Площадь у Яффских ворот колыхалась на ветру массой многоцветных флажков, словно бы перекликающихся с цветными навесами кофеен, под которыми в не менее цветастых халатах, с тюрбанами на головах сидели, вероятнее всего, арабы. На столиках дымился кофе в миниатюрных чашечках. Из туристского автобуса выбиралась вереница черных, как уголь, и сухих, как дерево, закутанных в белые ткани, вероятно, верующих то ли коптов из Египта, то ли эфиопов. Они пересекали площадь в сторону крытой узкой, как коридор, улочки Давида, скорее всего, направляясь к церкви Гроба Господня, где, насколько помнил Орман, есть даже притвор коптской или эфиопской церкви. Группа полицейских в голубых своих формах оживленно беседовала с таксистами, чьи машины выстроились у стен дворца Ирода. И все они не отрывали глаз от живописной кавалькады коптов или эфиопов.

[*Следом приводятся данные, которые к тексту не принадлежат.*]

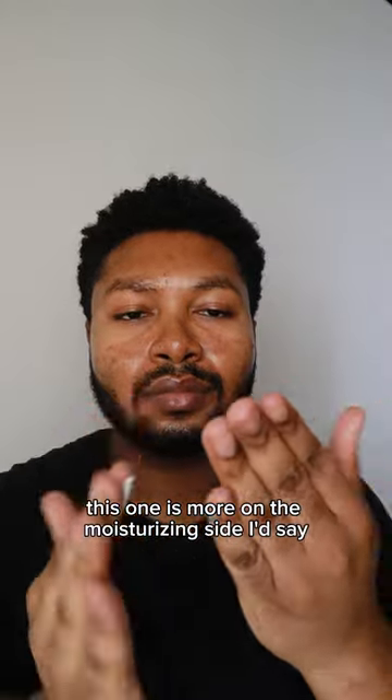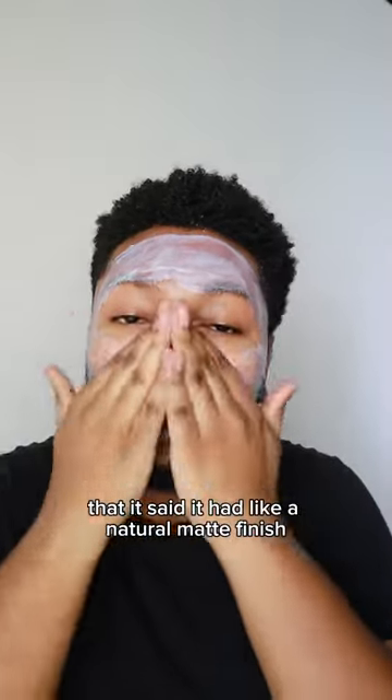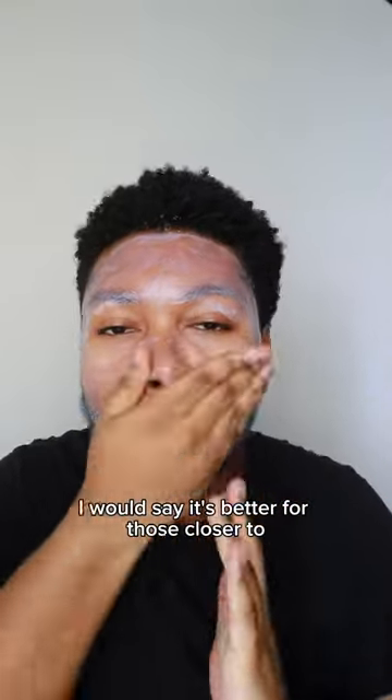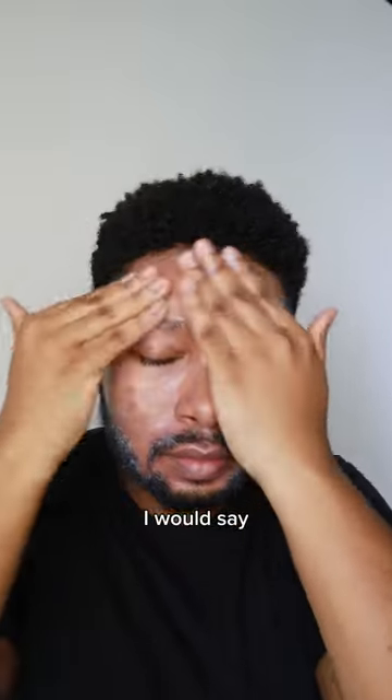This one is more on the moisturizing side. I think I read somewhere in the product description that it said it had a natural matte finish — I mean, no sir, no ma'am. This is definitely on the glowy side. I would say it's better for those closer to the dry skin side because it is moisturizing. However, it is still very lightweight.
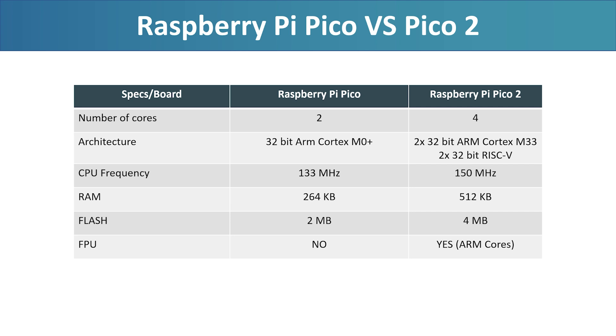The Pico 2, on the other hand, uses a completely different chip. It can boot into either 2 ARM Cortex M33 cores or 2 RISC-V cores. By default, when using the Arduino IDE, it runs at 150MHz. It includes 512KB of SRAM and 4MB of flash memory — twice as much as the original. And if you are using the M33 cores, you also get a hardware FPU, which can significantly accelerate floating point math. So on paper, the Pico 2 should be noticeably faster: newer architecture, more RAM, and a floating point unit.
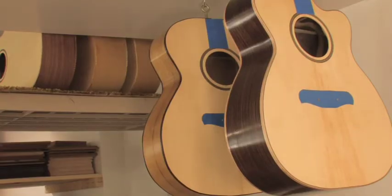Each guitar has between 50 and 70 hours of work in it, depending on the features and depending on how many mistakes I have to correct as I go along.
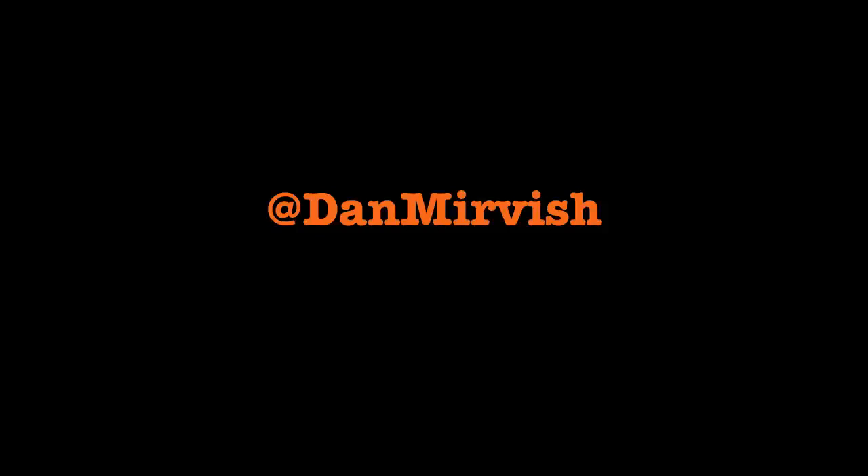But wait, there's more. It also makes a nifty little macro lens for your iPhone. Wow.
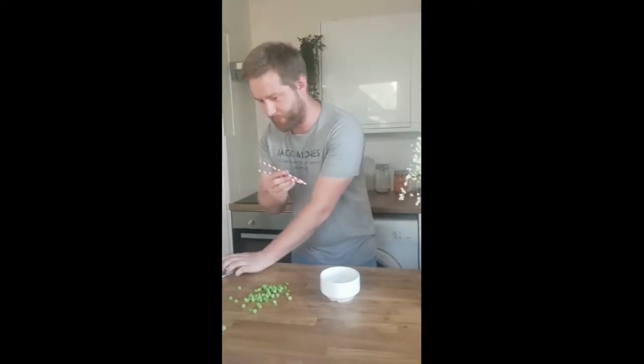This is Mr. Marshall with Mr. Patch Challenges, and today we're going to see how many peas I can move to the bowl using chopsticks or straws, because I haven't got any chopsticks. So we're going to start the timer for 30 seconds.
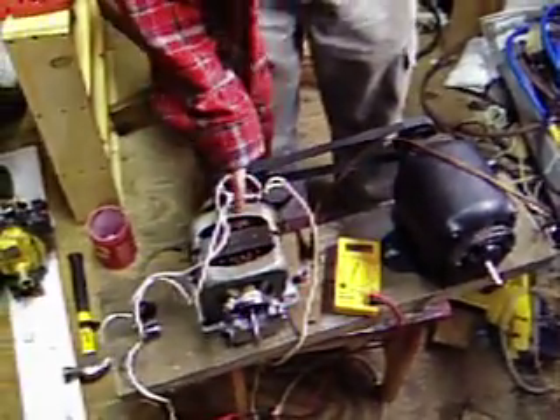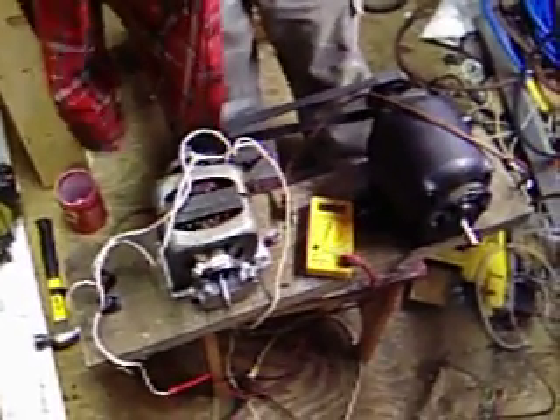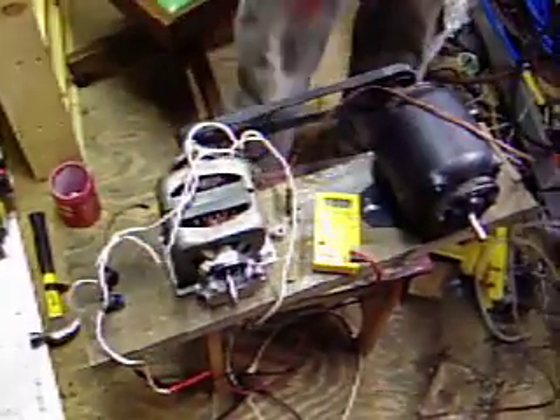Looked up at the bell here. Parallel to the motor are two capacitors in series, which is 400 volts at around 110 microfarads. And took them parallel with the voltmeter and the drop light down there.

– По традиции считается, что именно в этом дворце Ирода Пилат допрашивал Иисуса, – сказал Орман, и было ощущение, что в этом копошении и в этой цветистости он чувствует себя, как рыба в воде, – вот это три башни, которые Ирод великий назвал именами своих детей – Гиппика, Фацаэля и Мириамны.
– Причем же здесь башня Давида?
– А это крестоносцы, впервые издалека увидевшие башню, назвали ее именем царя Давида, – сказал Орман, увлекая Цигеля внутрь, – тут разные кладки, и времен Первого Храма, и позднеримских, и византийских, и мусульманских, но сейчас поднимаемся на самую высокую площадку для обозрения – на крышу башни Фацаэля. Глядите сквозь бойницу, вон туда. Во-первых, отсюда вы можете видеть город, как единый дом. Кажется, дома притерты друг к другу. Видите, небольшой просвет, стена дома, окна пробиты высоко, а под ними зеленеет вода. Даже поблескивает на солнце. Из этих окон спускали на веревках ведра, чтобы зачерпнуть воду. Так вот, вероятнее всего, это тут самый пруд, в котором купалась Вирсавия. Там ее увидел Давид, велел своему военачальнику Йоаву услать ее мужа Урию на войну, где того и убили, взял к себе ее, по сути, нарушив заповедь «не прелюбодействуй». Да она родила ему сына, Соломона, ставшего царем Израиля, да, он, отмаливая этот грех перед Богом, создал псалмы, поэтической силы которых, по сей день, никто не достиг. Но грех остается грехом. Священное Писание не скрывает, что самый великий еврейский царь, гениальный псалмопевец был и великим грешником, и мучился этим до последнего своего часа.
– Давайте спускаться. Времени у нас в обрез, – явно недовольным голосом прервал Цигель излияния Ормана.